Orville Wright, along with his older brother Wilbur, is
credited with inventing and building the world's first
practical fixed-wing aircraft and making the first
controlled, powered and sustained flight more than a
hundred years ago.
The Wright brothers documented much of their early
progress in photographs made on glass negatives some of
which are presented here.
From left, Orville and Wilbur Wright, in portraits taken in 1905,
when they were 34 and 38 years old.
Wilbur Wright pilots a full-size glider down a steep slope
in Kitty Hawk, North Carolina, on October 10, 1902.
Orville Wright and Edwin H. Sines, neighbor and boyhood friend,
filing frames in the back of the Wright bicycle shop in 1897.
Side view of Dan Tate, left, and Wilbur Wright, right, flying the
1902 glider as a kite, on September 19, 1902.
Crumpled glider, wrecked by the wind, on Hill of the Wreck,
on October 10, 1900.
Wilbur in motion at left holding one end of glider (rebuilt with single vertical
rudder), Orville lying prone in machine, and Dan Tate at right, in Kitty Hawk,
North Carolina, on October 10, 1902.
Rear view of Wilbur making a right turn in glide from No. 2 Hill,
right wing tipped close to the ground, October 24, 1902.
The Wright Flyer I, built in 1903, front view. This machine was the Wright
brothers' first powered aircraft.
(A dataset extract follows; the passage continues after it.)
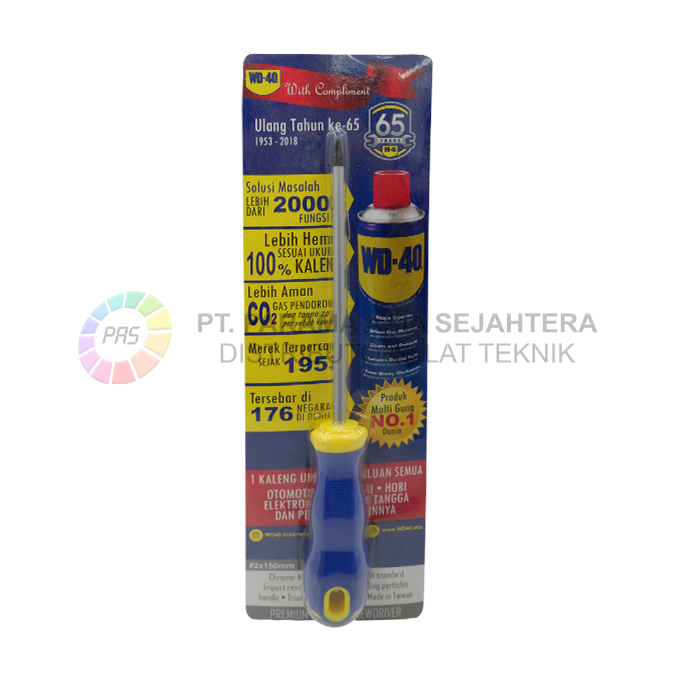 OBENG GG KARET (+) 6" WD40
The airplane sported two 8 foot wooden
propellers driven by a purpose-built 12 horsepower engine.
Wilbur Wright at the controls of the damaged Wright Flyer, on the
ground after an unsuccessful trial on December 14, 1903.
First flight: 120 feet in 12 seconds, on December 17, 1903. This photograph
shows man's first powered, controlled, sustained flight.
Wilbur and Orville Wright with their second powered machine
on Huffman Prairie, near Dayton, Ohio, in May of 1904.
Flight #41, Orville flying at a height of about 60 feet;
Huffman Prairie, Dayton, Ohio, September 29, 1905.
The remodeled 1905 Wright machine, altered to allow the operator to
assume a sitting position and to provide a seat for a passenger in 1908.
View of a Wright airplane, including the pilot and passenger seats, 1911.
Wilbur Wright makes a 33-minute-long flight in New York in 1909.
Siblings Orville Wright, Katharine Wright, and Wilbur Wright at Pau, France.
Miss Wright about to be taken for her first ride. February 15, 1909
Orville Wright during proving flights for the U.S. Army in July of 1909.
The Wright brothers were able to sell their airplane to the Army's
Aeronautical Division, U.S. Signal Corps.